Dr. Huang's research focuses on rare embryonal brain tumours of childhood and understanding mechanisms of tumour spread. Embryonal brain tumours which represent the largest category of malignant childhood brain tumours span a large spectrum of diseases, many of which are rare diseases that are poorly characterized and for which best therapy remains unknown.

The Huang lab established a rare brain tumour network and consortium to study large number of rare tumours using advanced genomic tools. Their work has led to the discovery of new genetic markers that can now be used to accurately diagnose categories of rare brain tumours and accelerated research into specific treatments for these rare diseases. Specifically, recent work from the Huang lab has established that rhabdoid brain tumours comprise three different genetic categories that respond differently to various drugs; this research will allow tailoring of treatment for rhabdoid tumour patients in the near future. Many embryonal brain tumours, like rhabdoid tumours and medulloblastoma, have a tendency to spread to other parts of the brain making it to challenging to treat children without use of whole brain and spine radiation.

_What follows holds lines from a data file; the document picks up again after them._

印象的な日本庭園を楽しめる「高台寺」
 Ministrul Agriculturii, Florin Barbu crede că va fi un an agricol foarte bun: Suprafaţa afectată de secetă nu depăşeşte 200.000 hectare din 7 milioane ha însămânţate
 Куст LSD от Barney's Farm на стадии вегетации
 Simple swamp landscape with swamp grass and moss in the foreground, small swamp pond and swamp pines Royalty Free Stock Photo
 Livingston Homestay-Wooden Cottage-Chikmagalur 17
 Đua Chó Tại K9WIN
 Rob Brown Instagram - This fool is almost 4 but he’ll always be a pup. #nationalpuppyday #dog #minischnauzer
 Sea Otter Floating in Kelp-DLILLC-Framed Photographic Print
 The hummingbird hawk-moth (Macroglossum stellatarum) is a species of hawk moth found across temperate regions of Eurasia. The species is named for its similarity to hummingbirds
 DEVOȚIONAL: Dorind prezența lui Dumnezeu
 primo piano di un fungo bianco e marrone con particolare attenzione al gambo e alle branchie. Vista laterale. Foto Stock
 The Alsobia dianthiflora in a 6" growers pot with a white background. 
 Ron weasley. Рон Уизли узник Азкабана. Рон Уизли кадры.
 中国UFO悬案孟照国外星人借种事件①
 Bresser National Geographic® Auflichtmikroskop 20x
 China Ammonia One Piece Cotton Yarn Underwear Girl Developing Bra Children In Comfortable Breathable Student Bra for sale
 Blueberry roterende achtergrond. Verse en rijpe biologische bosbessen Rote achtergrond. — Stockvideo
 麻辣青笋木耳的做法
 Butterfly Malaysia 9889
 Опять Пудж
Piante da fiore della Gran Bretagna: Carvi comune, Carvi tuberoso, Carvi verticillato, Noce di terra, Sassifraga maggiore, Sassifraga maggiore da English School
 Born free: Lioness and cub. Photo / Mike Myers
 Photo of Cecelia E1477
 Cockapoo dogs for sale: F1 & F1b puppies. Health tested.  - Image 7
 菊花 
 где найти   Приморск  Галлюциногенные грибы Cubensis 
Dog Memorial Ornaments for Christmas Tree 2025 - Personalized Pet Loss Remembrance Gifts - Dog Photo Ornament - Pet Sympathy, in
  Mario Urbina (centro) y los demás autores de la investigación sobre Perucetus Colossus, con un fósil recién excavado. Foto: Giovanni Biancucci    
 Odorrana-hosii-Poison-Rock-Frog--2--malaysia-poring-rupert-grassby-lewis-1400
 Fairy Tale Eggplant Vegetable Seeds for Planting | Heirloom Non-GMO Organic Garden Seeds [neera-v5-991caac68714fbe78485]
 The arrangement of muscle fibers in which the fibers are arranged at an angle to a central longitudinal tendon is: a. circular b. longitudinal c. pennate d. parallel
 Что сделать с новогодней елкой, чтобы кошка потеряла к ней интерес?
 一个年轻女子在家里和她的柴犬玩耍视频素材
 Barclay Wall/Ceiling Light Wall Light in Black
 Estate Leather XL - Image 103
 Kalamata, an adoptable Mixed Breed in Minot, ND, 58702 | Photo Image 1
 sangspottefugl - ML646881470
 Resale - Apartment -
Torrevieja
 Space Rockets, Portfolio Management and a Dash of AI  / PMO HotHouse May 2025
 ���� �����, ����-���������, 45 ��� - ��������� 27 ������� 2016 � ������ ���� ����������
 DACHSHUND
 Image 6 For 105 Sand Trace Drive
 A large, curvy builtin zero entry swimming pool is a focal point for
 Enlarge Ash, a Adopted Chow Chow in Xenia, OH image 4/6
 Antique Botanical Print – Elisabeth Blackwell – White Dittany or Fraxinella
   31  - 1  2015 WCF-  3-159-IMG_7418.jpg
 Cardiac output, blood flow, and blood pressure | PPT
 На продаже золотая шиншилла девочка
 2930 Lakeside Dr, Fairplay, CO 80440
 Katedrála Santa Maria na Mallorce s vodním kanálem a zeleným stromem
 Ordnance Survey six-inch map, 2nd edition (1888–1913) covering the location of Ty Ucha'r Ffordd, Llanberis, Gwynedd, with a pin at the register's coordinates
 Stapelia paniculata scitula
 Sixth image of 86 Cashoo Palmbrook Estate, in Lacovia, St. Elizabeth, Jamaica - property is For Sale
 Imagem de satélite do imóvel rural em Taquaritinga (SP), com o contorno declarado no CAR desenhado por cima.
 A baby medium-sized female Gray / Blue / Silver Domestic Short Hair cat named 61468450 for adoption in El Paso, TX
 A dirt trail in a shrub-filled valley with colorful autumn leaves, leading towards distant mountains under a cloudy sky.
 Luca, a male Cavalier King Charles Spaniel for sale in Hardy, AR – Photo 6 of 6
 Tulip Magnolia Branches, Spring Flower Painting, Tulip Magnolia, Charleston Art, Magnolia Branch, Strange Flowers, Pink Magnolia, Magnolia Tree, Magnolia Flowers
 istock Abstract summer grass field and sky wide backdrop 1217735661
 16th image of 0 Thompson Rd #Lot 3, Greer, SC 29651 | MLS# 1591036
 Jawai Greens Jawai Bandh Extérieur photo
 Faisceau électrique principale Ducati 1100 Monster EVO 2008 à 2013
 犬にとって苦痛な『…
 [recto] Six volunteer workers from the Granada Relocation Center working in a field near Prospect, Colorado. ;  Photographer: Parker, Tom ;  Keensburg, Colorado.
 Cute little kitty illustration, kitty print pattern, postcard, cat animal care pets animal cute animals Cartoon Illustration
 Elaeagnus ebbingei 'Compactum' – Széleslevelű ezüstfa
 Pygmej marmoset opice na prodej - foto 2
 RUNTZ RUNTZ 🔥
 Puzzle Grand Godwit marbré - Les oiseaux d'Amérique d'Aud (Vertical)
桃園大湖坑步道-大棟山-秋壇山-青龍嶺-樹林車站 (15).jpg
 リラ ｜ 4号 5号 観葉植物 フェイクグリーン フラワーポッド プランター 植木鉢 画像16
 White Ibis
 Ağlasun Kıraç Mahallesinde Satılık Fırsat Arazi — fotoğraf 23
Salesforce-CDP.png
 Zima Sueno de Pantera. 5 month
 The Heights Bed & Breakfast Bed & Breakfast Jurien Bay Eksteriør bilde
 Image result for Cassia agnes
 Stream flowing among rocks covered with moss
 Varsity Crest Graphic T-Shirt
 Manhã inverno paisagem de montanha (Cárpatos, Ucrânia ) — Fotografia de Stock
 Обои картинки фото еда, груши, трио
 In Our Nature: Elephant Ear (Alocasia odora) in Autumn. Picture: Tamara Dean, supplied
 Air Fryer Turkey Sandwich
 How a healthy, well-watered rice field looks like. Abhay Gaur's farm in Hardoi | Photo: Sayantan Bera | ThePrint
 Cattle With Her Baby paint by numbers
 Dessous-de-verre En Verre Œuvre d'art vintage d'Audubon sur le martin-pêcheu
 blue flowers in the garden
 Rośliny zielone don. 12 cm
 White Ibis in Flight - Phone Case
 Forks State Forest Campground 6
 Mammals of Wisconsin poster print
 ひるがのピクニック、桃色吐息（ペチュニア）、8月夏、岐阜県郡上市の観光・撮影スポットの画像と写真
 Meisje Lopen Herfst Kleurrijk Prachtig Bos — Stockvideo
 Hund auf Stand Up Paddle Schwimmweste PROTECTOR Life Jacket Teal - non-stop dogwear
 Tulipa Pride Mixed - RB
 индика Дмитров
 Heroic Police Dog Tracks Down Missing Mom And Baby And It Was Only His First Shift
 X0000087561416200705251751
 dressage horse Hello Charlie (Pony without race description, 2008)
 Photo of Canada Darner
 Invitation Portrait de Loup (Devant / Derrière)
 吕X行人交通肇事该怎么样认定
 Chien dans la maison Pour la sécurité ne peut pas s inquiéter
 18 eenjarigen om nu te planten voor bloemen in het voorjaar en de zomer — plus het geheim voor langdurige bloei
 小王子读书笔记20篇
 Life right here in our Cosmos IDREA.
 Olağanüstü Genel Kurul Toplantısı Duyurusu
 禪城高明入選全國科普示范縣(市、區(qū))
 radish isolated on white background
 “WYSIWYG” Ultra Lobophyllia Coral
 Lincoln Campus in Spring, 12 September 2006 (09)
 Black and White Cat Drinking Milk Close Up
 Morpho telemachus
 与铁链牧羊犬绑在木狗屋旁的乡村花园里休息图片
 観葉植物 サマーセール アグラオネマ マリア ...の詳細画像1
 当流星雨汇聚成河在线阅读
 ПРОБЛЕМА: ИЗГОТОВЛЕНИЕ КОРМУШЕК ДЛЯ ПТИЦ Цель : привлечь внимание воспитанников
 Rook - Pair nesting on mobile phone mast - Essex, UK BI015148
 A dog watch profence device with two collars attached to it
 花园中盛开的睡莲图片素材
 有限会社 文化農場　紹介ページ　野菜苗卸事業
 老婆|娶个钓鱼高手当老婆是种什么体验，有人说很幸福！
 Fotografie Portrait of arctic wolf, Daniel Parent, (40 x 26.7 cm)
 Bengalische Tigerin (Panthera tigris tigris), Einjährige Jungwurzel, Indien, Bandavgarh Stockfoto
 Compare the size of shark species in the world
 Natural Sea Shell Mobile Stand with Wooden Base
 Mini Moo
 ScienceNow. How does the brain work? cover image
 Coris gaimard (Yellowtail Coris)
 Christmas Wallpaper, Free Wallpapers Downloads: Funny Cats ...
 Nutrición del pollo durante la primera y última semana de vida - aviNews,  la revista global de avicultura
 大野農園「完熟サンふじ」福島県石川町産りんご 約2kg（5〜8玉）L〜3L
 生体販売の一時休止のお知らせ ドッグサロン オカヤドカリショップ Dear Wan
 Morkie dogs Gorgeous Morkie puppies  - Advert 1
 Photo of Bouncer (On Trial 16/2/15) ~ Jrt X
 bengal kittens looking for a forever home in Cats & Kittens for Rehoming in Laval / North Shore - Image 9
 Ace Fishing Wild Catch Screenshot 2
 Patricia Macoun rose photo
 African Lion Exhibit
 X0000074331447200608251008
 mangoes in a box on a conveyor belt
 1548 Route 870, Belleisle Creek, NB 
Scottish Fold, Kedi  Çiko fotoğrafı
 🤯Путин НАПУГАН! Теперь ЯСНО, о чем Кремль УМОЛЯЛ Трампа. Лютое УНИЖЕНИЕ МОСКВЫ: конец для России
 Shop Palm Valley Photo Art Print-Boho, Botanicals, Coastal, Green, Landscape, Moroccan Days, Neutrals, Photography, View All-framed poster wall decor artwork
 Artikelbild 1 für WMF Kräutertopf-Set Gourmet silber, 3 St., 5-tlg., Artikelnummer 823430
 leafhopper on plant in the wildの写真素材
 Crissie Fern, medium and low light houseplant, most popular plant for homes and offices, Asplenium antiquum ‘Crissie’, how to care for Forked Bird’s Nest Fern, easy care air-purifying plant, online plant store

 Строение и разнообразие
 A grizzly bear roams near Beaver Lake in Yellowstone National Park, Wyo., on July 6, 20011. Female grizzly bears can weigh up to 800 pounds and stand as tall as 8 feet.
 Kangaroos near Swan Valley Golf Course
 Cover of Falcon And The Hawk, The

Recent work from the Huang lab has shown that the Myc oncoprotein and a critical protein partner, JPO2 regulates a critical signaling pathway, the PI3K pathway, to silence a potent tumour suppressor and promote embryonal brain tumour metastases. Through this work they have identified a potential new drug to inhibit tumour metastases, which may ultimately help to spare radiation treatment in children with embryonal brain tumours.